ADAPT Centre Highlights 2025

29 December 2025

The ADAPT Research Ireland Centre recorded a decisive and high-impact year in 2025, strengthening its position as a central player in Ireland’s AI research, policy, and innovation landscape. The year was defined by major research investments, strategic public-sector partnerships, international policy engagement, and commercial spin-outs, reinforcing Ireland’s standing in global AI development.

The year began with the launch of FORSEE, a €3 million EU-funded research project led by ADAPT researchers at University College Dublin’s Centre for Digital Policy. The project examined the societal benefits and risks of artificial intelligence, with the aim of strengthening AI capabilities and informing EU regulatory frameworks.

In February, Dublin City Council, ADAPT, and Trinity Business School launched Ireland’s first Generative AI Lab dedicated to local government. The initiative positioned Dublin as a testbed for responsible GenAI deployment in public services.
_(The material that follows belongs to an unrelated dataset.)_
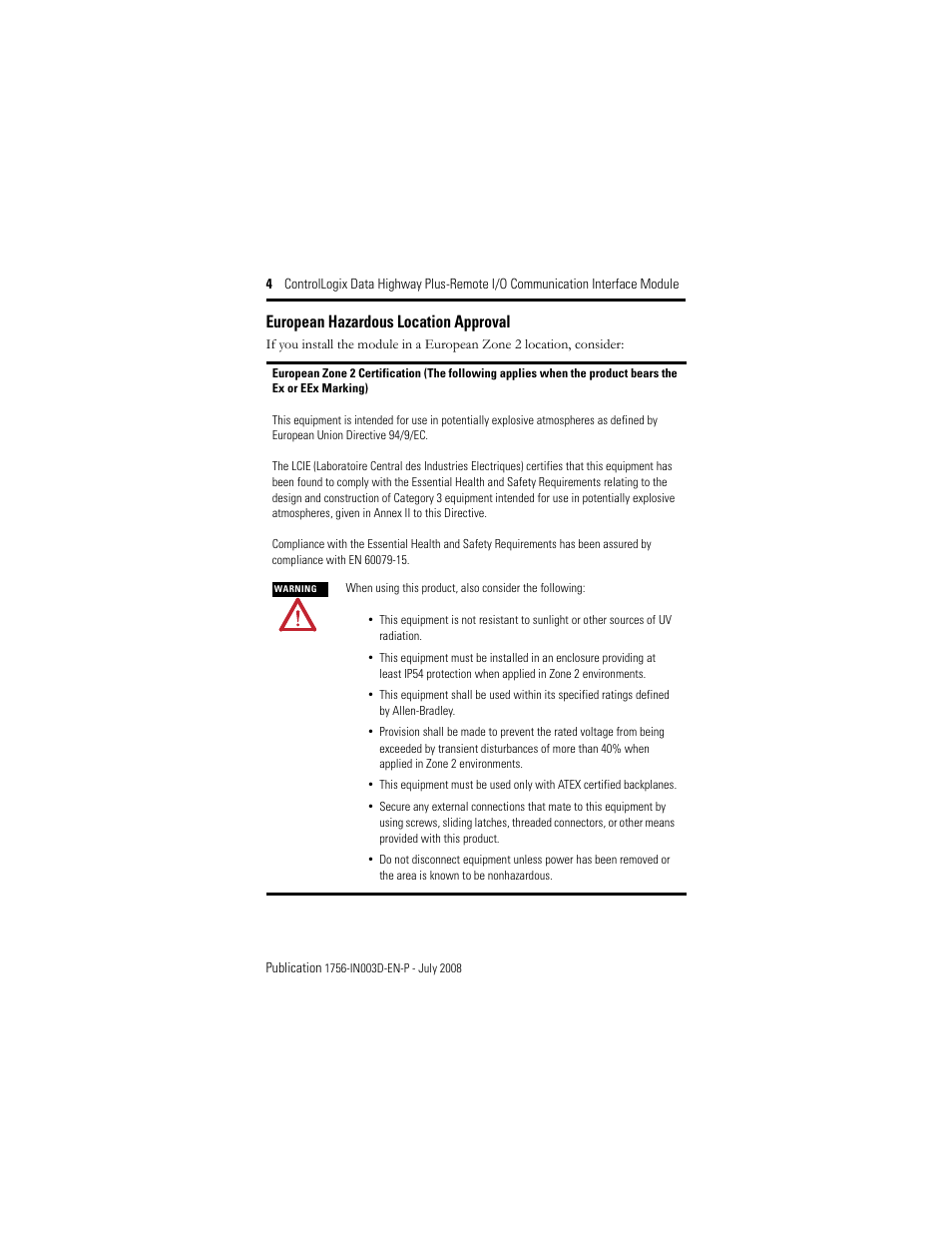 European hazardous location approval | Rockwell Automation 1756-DHRIO ControlLogix Data Highway Plus-Remote I/O Communication Interface Module I.I. User Manual | Page 4 / 24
ADAPT researchers also contributed to the AI Action Summit in Paris, where Professor John Kelleher and Dr Abeba Birhane played prominent roles in discussions on AI governance, accountability, and ethics.

March saw a concentration of activity, including International Women’s Day events co-hosted with the Insight Centre, the hosting of the 18th All Ireland Linguistics Olympiad at DCU, and the launch of Age-Friendly AI: A National Conversation on Artificial Intelligence, a two-year national inclusion project led by TU Dublin and ADAPT. During the same period, ADAPT hosted former US Attorney and PittCyber founder Professor David Hickton for an extended visit focused on cybersecurity, disinformation, and AI regulation.

In April, ADAPT researchers received significant academic recognition. Dr Eileen Culloty was awarded a DCU President’s Award, while five ADAPT academics were elected Fellows of Trinity College Dublin. May highlighted emerging talent and industry engagement, including recognition in the Sunday Business Post’s “30 Under 30,” the ADAPT annual scientific conference, and the launch of the sea-scan project using undersea telecommunications cables.

Industry-facing activity accelerated in June, with ADAPT-led events on enterprise AI adoption, DigiAcademy securing a major social impact award, and the AI Accountability Lab receiving funding to advance justice-oriented AI auditing. Over the summer, ADAPT researchers launched zkBallot, a cryptography-based electronic voting platform designed to preserve voter anonymity while ensuring public auditability, and completed a major Springer Nature book series on machine translation.

In September, ADAPT-associated projects were recognised at the Ireland eGovernment Awards, while senior leaders from across Ireland’s AI ecosystem convened at the National AI Leadership Forum to shape a shared roadmap for ethical and human-centric AI development. October saw the national rollout of ADAPT’s AI Literacy in the Classroom programme, supported by Google, alongside the ADVANCE 2025 flagship conference, which focused on driving European innovation and closing the AI gap.

November delivered further policy and societal impact, with ADAPT researchers appointed to national governance bodies, multiple awards for inclusion and “tech for good” initiatives, and €1 million in performance funding awarded to Trinity College Dublin’s DigiAcademy. The year concluded in December with Enterprise Ireland backing MESO, an AI-powered ed-tech spin-out from ADAPT, and the hosting of the ADAPT Recognition Awards celebrating research excellence and collaboration.

Collectively, these developments underscored ADAPT’s role in translating advanced AI research into societal, economic, and policy impact throughout 2025.